La Polonia e la Guerra fredda
è morto Jaruzelski, l’uomo della soluzione interna

di Vincenzo Grienti

 

A 25 anni degli Accordi della “Tavola Rotonda” firmati il 4 giugno 1989. Il generale Wojciech Jaruzelski ha perso la sua battaglia contro il cancro. Dopo la “tavola rotonda” alla quale parteciparono generali ed esponenti democratici concordò elezioni semilibere e Solidarnosc, il sindacato unitario polacco guidato da Lech Walesa stravinse.

 

Si raggiunse così quello che nella storia della Polonia viene visto come “compromesso storico” per la transizione dal comunismo alla libertà. Una svolta che aprì la strada alla caduta del Muro di Berlino nel novembre proprio di quell’anno. Una svolta alla quale Jaruzelski aveva contribuito a dare un sferzata. Da primo dittatore della Polonia sovietizzata divenne primo presidente della Repubblica polacca. Restò comunque un personaggio molto discusso.

 

Fu lui il 13 dicembre 1981 a proclamare lo “stato di guerra” e a formare un Consiglio militare di salvezza nazionale sancendo la sospensione di ogni diritto costituzionale e dichiarando il coprifuoco con l’arresto di migliaia di persone. Nel 1981 la notizia fece il giro del mondo e occupò le prime pagine dei giornali, delle radio e dei telegiornali dell’epoca. In un giorno la Polonia fu isolata da se stessa. La reazione della Santa Sede non si fece attendere.

 

Giovanni Paolo II il 14 dicembre del 1981 si affacciò dallo studio privato, come ogni domenica all’Angelus, con voce carica di determinazione disse: "Gli avvenimenti delle ultime ore mi chiedono di rivolgermi ancora una volta a tutti per la causa della nostra patria. Ricordo quello che ho detto in settembre: non può essere versato sangue polacco perché già troppo ne è stato versato, specialmente durante l’ultima guerra. Si deve fare tutto per costruire pacificamente l’avvenire.
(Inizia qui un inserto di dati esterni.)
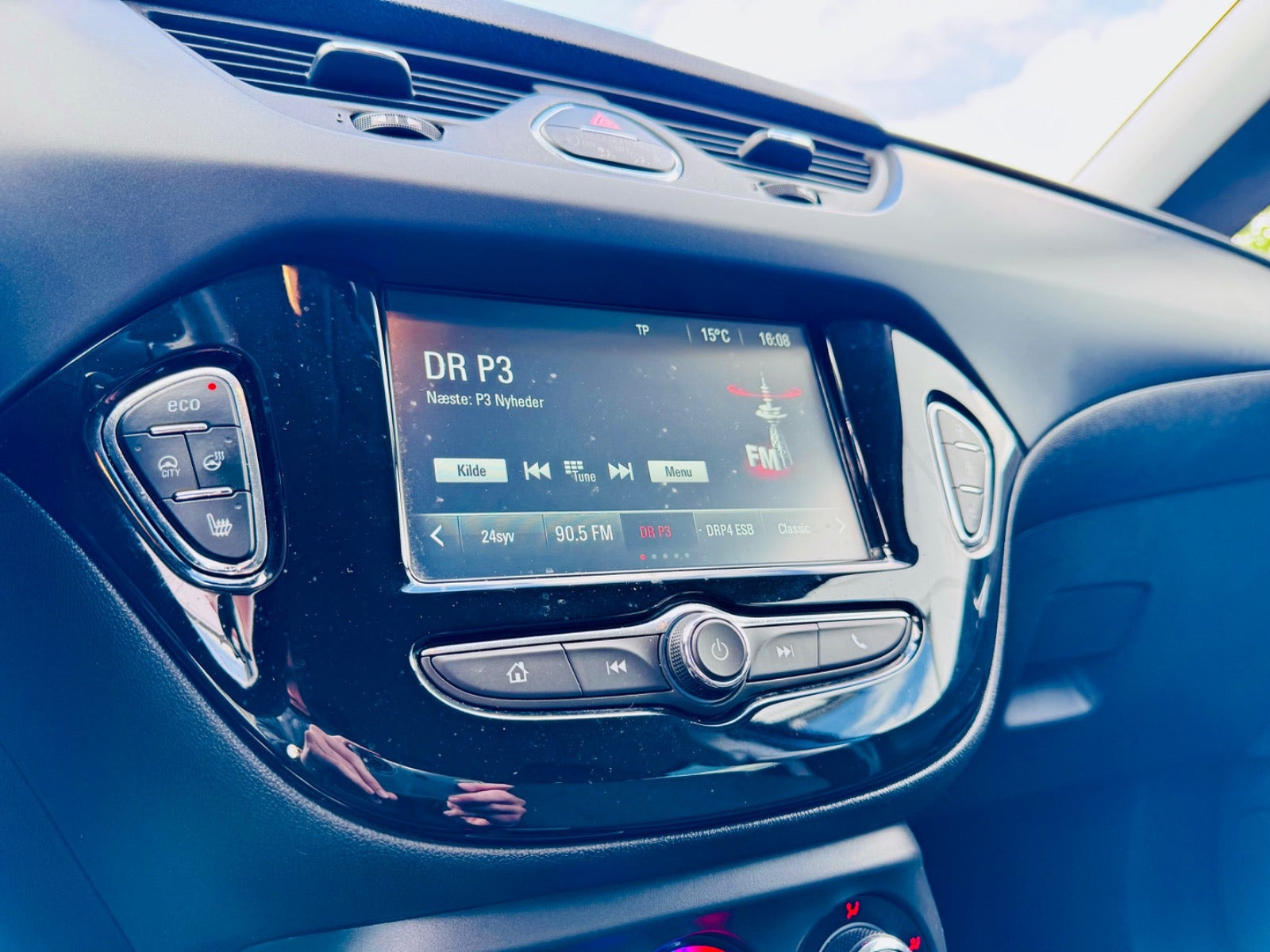 Blå Opel Corsa fra 2018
In vista del prossimo giubileo dei seicento anni della Madonna di Czestochowa, raccomando la Polonia e tutti i miei connazionali a Colei che e stata data alla nazione come sua difesa".

 

La reazione a livello internazionale alle leggi marziali e al conseguente “stato di guerra” decretate dal governo polacco furono le più diverse, ma tutte caratterizzate da un unico denominatore comune: la sorpresa, a partire dagli analisti politici americani nonostante la possibilità della Cia di poter contare sulla presenza di spie all’interno del ministero della difesa polacco.

 

Ma come si era arrivati a tutto questo? In che modo Jaruzelski, questo piccolo uomo dagli occhiali scuri (la deportazione in Siberia con la famiglia durante l’occupazione congiunta della Polonia da parte di Germania e Urss tornò senza genitori e “sovietizzato”. I suoi occhi erano malati per via del riflesso del sole sulla neve. Ciò lo costrinse a portare gli occhiali scuri per tutta la vita, N.d.A), diventò l’ago della bilancia delle sorti europee?

 

Nel febbraio del 1981, il generale Jaruzelski fu nominato primo segretario del Pzpr, il Partito comunista polacco, al posto dell’uscente Stanislao Kania e primo ministro. Il 19 marzo alcuni operai erano stati percossi brutalmente dalla Polizia politica dopo un’occupazione di protesta di un edificio pubblico.

 

Fu la scintilla che fece reagire Solidarnosc, il sindacato polacco guidato da Lech Walesa nato nell’agosto del 1980 a seguito dei così detti “fatti di Danzica”. La situazione fu propizia per Kania e Jaruzelski che mostrarono, soprattutto ai sovietici, di saper mantenere la situazione sotto controllo. Era un segnale che i due diedero soprattutto attraverso i media nazionali e non solo. Tutto avvenne in tre giorni a partire dal 27 marzo, cioè da quando due delegazioni sovietiche, la prima militare, guidata dal maresciallo Kulikov e dal generale Gribkov, e la seconda del Kgb, guidata dal suo vice-capo, Vladimir Krjuckov, si incontrarono con Kania e il generale Jaruzelski per discutere sui preparativi di documenti che sarebbero serviti per imporre lo “stato di guerra” in Polonia.

 

Dopo quell’incontro, Kania e Jaruzelski usarono sempre indirettamente i media per inviare un messaggio ai sovietici: quello di saper tenere a bada i polacchi e il sindacato indipendente e autonomo capeggiato da Lech Walesa.

 

Il 30 marzo fu scongiurato uno sciopero generale dopo sette ore di trattative tra Mieczyslaw Rakowski, vice primo ministro del governo polacco e il capo di Solidarnosc Lech Walesa. Lo stesso Rakowski aveva detto che lo sciopero sarebbe stato “catastrofico” per la Polonia. L’esito della trattative tenne con il fiato sospeso la nazione. La gente il giorno prima si affollava ai supermercati per via dell’annuncio dello sciopero ad oltranza.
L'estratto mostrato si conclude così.